Timeline: A Dynamic Hierarchical Dirichlet Process Model for Recovering Birth/Death and Evolution of Topics in Text Stream
This work solves the problem of modeling all aspects of topic evolution in text streams for researchers in natural language processing, though it is incremental as it builds on existing dynamic topic models.
The paper introduces infinite dynamic topic models (iDTM) to address the evolution of topics, including their number, distribution, and popularity, in temporal text streams, achieving favorable results on simulated and real datasets like NIPS.

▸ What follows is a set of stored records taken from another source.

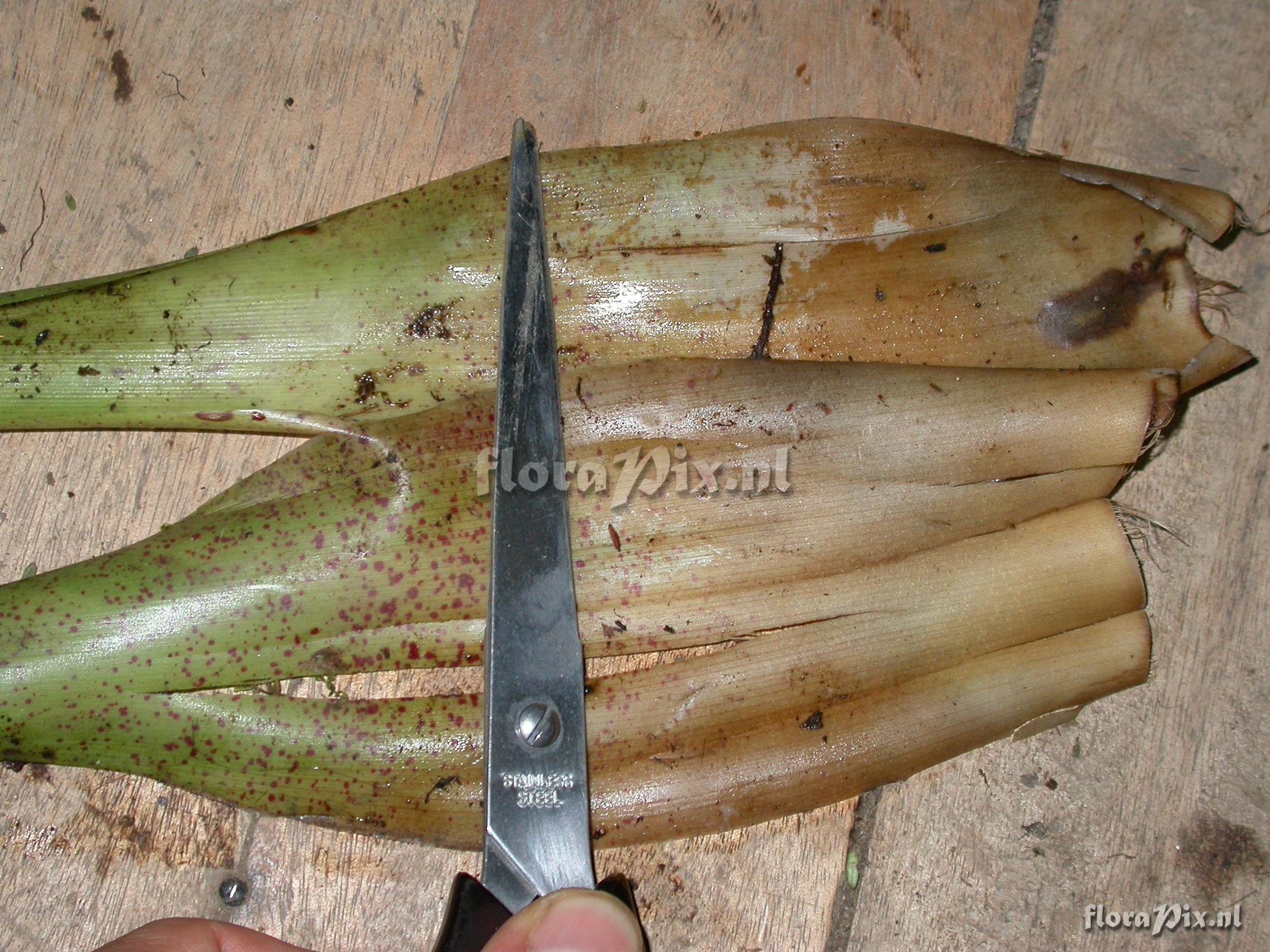 Guzmania sp- nov. 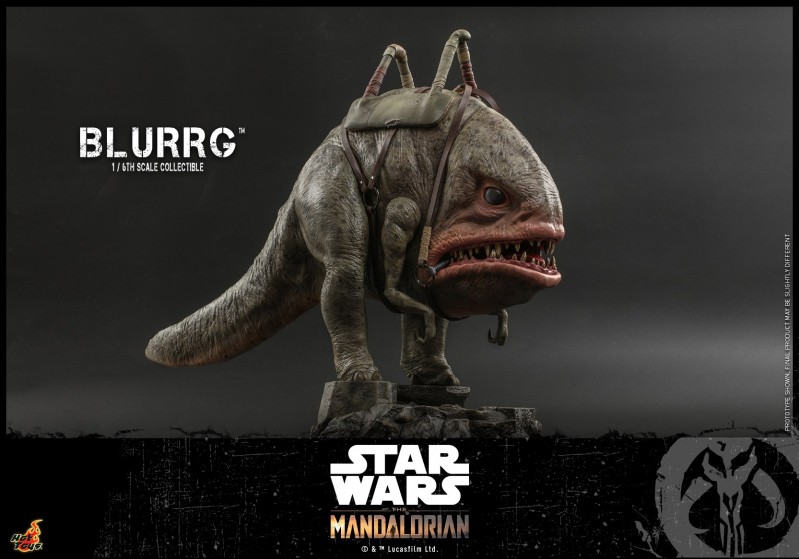 Hot Toys - Mando I - Blurrg Collectible_PR6.jpg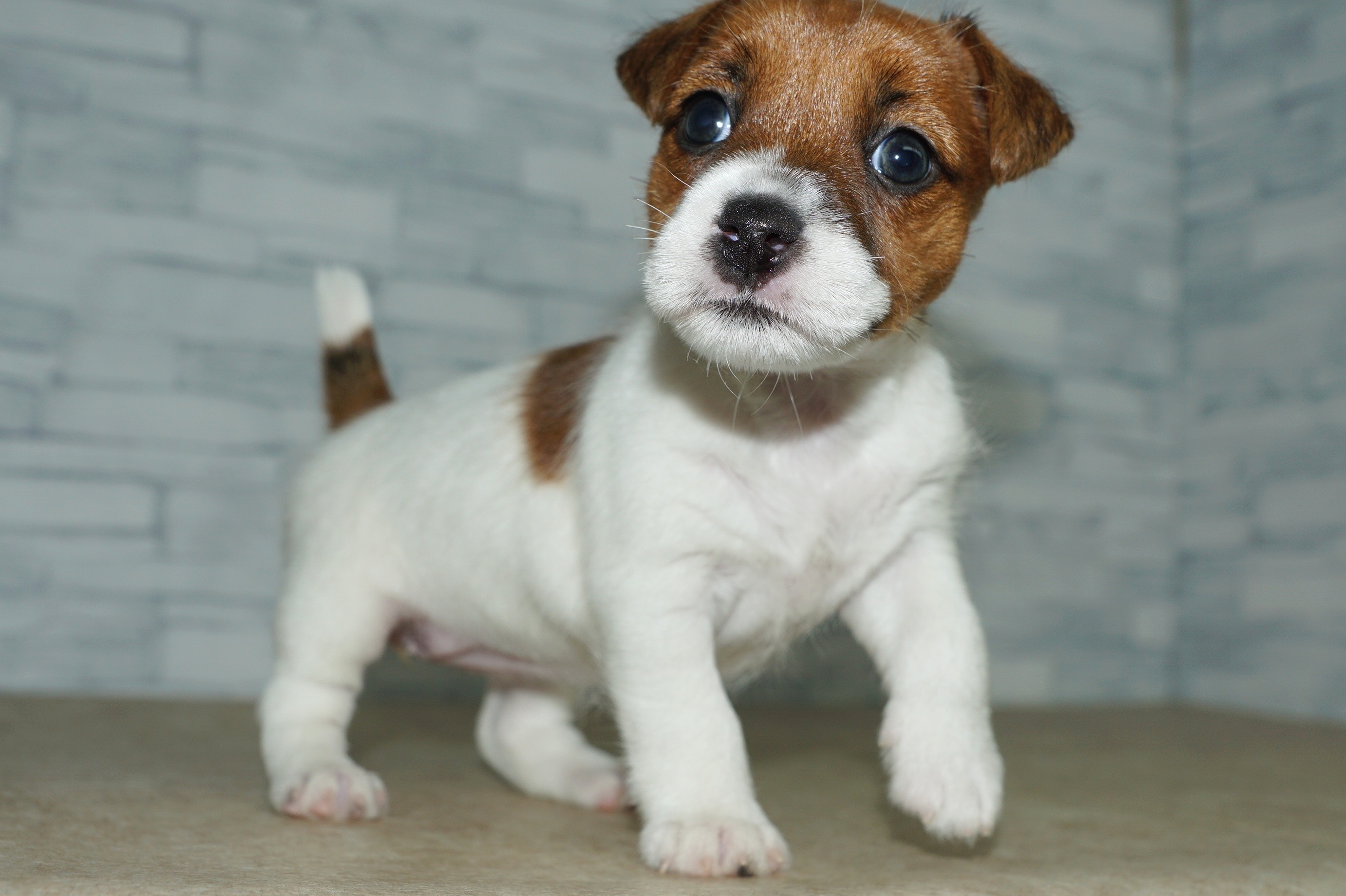 神奈川県のジャックラッセルテリア (きくちペット湘南平塚店/2026年1月2日生まれ/女の子/ホワイトタン)の子犬の4枚目の画像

Topic models have proven to be a useful tool for discovering latent structures in document collections. However, most document collections often come as temporal streams and thus several aspects of the latent structure such as the number of topics, the topics' distribution and popularity are time-evolving. Several models exist that model the evolution of some but not all of the above aspects. In this paper we introduce infinite dynamic topic models, iDTM, that can accommodate the evolution of all the aforementioned aspects. Our model assumes that documents are organized into epochs, where the documents within each epoch are exchangeable but the order between the documents is maintained across epochs. iDTM allows for unbounded number of topics: topics can die or be born at any epoch, and the representation of each topic can evolve according to a Markovian dynamics. We use iDTM to analyze the birth and evolution of topics in the NIPS community and evaluated the efficacy of our model on both simulated and real datasets with favorable outcome.